Le mystère planait depuis sa création en août 2020. Après plus d’un an de R & D, Alsatex (trois collaborateurs) a lancé le recyclage d’un premier produit cet automne. La société, fondée par Ulrich Jahn, ancien directeur de Freudenberg Performance Materials à Colmar (Haut-Rhin), désormais à la retraite, est hébergée au sein du Pôle textile Alsace (73 membres entreprise) à Mulhouse (Haut-Rhin). Elle est spécialisée dans le recyclage de matériaux issus de l’industrie textile.
La start-up est incubée au Semia, l’incubateur public de la Région Grand Est, depuis septembre 2021. Elle effectuait jusqu’alors essentiellement du conseil à la transition environnementale pour les entreprises du textile. Désormais, elle "effiloche les chutes de production d’un matériau textile à base de polyéther sulfones (PES) produit dans la région pour le transformer en fibres de rembourrage pour un fabricant de coussins allemand, proche de la frontière", explique Pauline Carion, la présidente. Pour cette première commande d’une dizaine de tonnes, Alsatex a fait appel à deux sous-traitants, membres du Pôle textile Alsace.
Effilochage et extrusion
Pour étudier la fiabilité de ces fibres, la start-up s’est alliée au Laboratoire de physique et mécaniques textiles (LPMT), une unité de recherche de l’Université de Haute Alsace à Mulhouse. Prochaine étape, dont le calendrier n’est pas encore connu, transformer ce PES en fil recyclé.

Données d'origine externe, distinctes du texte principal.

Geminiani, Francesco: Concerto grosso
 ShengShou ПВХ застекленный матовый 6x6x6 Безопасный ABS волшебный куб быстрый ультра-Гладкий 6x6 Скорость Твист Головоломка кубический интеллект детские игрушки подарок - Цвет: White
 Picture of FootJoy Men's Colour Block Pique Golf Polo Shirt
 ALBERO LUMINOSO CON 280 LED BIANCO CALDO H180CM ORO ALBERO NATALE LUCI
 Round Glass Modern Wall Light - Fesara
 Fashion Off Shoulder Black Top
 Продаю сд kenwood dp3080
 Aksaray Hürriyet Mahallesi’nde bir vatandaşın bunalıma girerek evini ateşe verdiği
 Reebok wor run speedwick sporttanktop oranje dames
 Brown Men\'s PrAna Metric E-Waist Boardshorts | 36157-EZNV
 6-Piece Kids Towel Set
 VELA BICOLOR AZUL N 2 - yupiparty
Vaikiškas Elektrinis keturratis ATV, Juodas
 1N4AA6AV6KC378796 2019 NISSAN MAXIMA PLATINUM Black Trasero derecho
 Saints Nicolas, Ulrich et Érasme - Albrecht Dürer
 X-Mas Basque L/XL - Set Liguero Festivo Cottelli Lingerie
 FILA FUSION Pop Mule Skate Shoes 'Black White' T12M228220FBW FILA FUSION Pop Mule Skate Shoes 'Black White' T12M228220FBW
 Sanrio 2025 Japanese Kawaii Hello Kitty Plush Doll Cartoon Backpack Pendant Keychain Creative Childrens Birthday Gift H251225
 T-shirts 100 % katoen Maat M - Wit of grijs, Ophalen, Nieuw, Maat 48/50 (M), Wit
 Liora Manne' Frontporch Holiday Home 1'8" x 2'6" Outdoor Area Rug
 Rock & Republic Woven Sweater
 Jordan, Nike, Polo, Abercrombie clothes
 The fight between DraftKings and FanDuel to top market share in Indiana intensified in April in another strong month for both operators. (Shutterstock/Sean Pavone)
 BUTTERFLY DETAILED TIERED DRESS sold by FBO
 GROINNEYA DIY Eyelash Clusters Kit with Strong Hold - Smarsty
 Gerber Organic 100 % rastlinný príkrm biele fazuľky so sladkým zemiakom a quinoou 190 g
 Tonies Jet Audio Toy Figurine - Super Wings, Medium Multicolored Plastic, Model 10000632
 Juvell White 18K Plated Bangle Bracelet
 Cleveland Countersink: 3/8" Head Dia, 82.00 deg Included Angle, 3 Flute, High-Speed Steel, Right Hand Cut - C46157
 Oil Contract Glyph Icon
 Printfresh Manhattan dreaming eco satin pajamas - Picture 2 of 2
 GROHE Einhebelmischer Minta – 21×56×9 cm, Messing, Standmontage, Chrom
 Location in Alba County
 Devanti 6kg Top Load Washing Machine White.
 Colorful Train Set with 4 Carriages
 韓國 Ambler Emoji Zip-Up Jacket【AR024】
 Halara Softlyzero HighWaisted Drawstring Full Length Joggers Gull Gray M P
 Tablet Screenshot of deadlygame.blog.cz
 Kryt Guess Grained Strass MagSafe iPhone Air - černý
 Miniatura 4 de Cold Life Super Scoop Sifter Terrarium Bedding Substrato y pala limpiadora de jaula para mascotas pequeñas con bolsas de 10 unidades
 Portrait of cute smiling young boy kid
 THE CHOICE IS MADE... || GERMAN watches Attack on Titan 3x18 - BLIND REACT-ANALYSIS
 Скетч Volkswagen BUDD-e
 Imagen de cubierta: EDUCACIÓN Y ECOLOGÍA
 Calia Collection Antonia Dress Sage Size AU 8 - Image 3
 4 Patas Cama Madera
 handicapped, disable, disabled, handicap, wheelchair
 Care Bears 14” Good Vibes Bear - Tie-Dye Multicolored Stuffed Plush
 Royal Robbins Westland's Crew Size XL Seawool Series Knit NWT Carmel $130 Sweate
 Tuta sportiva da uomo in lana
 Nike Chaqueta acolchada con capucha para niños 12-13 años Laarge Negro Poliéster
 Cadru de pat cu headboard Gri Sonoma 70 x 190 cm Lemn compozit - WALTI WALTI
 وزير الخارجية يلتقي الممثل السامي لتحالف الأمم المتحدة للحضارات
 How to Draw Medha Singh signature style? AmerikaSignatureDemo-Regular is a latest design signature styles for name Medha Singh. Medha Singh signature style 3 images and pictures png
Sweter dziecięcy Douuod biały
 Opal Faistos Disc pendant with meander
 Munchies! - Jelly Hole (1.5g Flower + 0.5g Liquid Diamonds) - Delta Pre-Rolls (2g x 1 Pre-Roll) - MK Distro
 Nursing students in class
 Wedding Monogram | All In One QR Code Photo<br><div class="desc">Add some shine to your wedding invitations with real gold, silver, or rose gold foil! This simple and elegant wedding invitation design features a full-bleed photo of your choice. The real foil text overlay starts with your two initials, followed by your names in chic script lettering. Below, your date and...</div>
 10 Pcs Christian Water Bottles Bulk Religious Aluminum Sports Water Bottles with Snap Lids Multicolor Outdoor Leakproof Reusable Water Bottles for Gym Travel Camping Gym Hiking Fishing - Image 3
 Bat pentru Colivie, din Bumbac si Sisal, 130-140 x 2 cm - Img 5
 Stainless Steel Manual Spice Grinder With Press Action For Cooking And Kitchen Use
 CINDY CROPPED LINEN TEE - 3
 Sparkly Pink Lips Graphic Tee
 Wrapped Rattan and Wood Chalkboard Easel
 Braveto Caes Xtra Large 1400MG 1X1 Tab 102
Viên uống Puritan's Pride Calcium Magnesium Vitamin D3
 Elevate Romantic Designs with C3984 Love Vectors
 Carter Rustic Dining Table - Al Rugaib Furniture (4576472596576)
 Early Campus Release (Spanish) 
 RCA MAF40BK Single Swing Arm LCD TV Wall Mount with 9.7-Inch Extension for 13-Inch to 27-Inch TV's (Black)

La petite société ne compte pas s’arrêter là. Elle veut se lancer sur une seconde activité productive en 2022. Il s’agira d’extrusion, une technique qui consiste à faire fondre la matière qui est ensuite compressée pour passer dans une filière qui donne la forme souhaitée au produit final. Elle est mieux adaptée à certains rebuts industriels qui "ne peuvent pas être effilochés car la matière serait détruite par le procédé", explique Pauline Carion.
Privilégier les circuits courts
Pour cette activité, Alsatex va investir au 1er semestre 2022 entre 500 000 et 750 000 euros dans une machine actuellement développée en partie en collaboration avec la plateforme technologique de l’université de Lorraine Plastinnov à Saint-Avold, en Moselle. La machine pourra produire du granulé, notamment pour les plasturgistes du Grand Est. Pour la partie R & D, Alsatex s’est déjà fourni en matière première auprès du fabricant de masques haut-rhinois Barral (CA prévisionnel 2021 : 4 M€, 15 collaborateurs), à Rouffach qui récupère ses masques grand public en textile non-tissé de polyester-polyamide.
À l’avenir, Alsatex entend continuer à se fournir en matière première auprès des industriels de la région et à revendre en local ses produits finis. "Il faut que cela fasse sens du point de vue écologique, explique Pauline Caron, si on diminue un impact pour en rajouter un autre avec le transport routier, la démarche perd tout son intérêt." Pour développer ses activités, Alsatex a obtenu une bourse de la Région Grand Est de 30 000 euros pour les start-up et une bourse French Tech de Bpifrance de 30 000 euros elle aussi.